This phase adds agent registration, heartbeat-based lifecycle management (LIVE/STALE/DEAD), and real-time command push via SSE to the Cameleer server. The technology stack is straightforward: Spring MVC's `SseEmitter` for server-push, `ConcurrentHashMap` for the in-memory agent registry, and `@Scheduled` for periodic lifecycle checks (same pattern already used by `ClickHouseFlushScheduler`).
The main architectural challenge is managing per-agent SSE connections reliably -- handling disconnections, timeouts, and cleanup without leaking threads or emitters. The command delivery model (PENDING with 60s expiry, acknowledgement) adds a second concurrent data structure to manage alongside the registry itself.
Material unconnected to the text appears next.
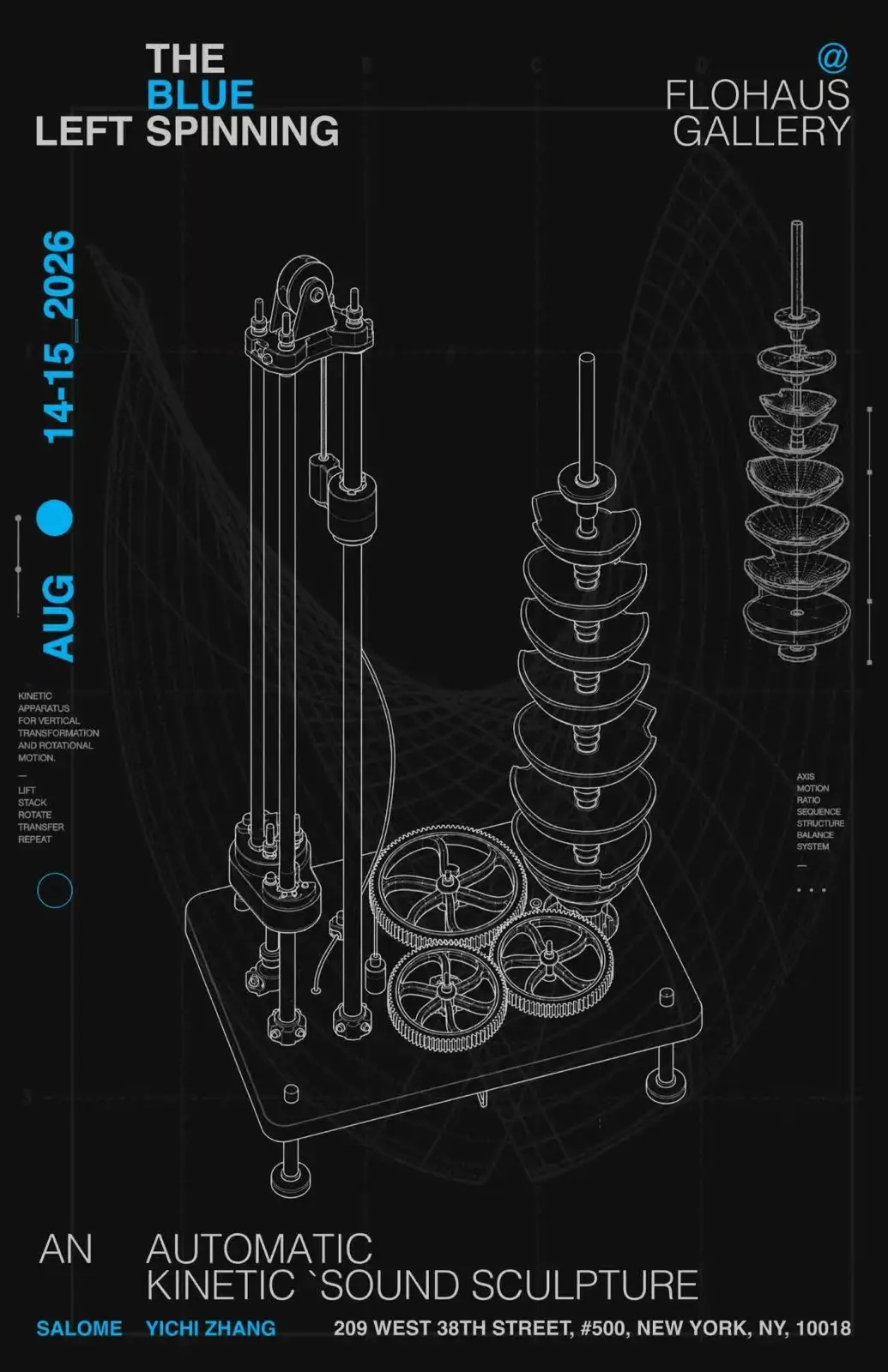 The Blue Left Spinning poster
**Primary recommendation:** Use Spring MVC `SseEmitter` (already on classpath via `spring-boot-starter-web`). No new dependencies required. Follow the established core-module-plain-class / app-module-Spring-bean pattern. Agent registry service in core, SSE connection manager and controllers in app.
<user_constraints>
## User Constraints (from CONTEXT.md)
### Locked Decisions
- Heartbeat interval: 30 seconds
- STALE threshold: 90 seconds (3 missed heartbeats)
- DEAD threshold: 5 minutes after going STALE
- DEAD agents kept indefinitely (no auto-purge)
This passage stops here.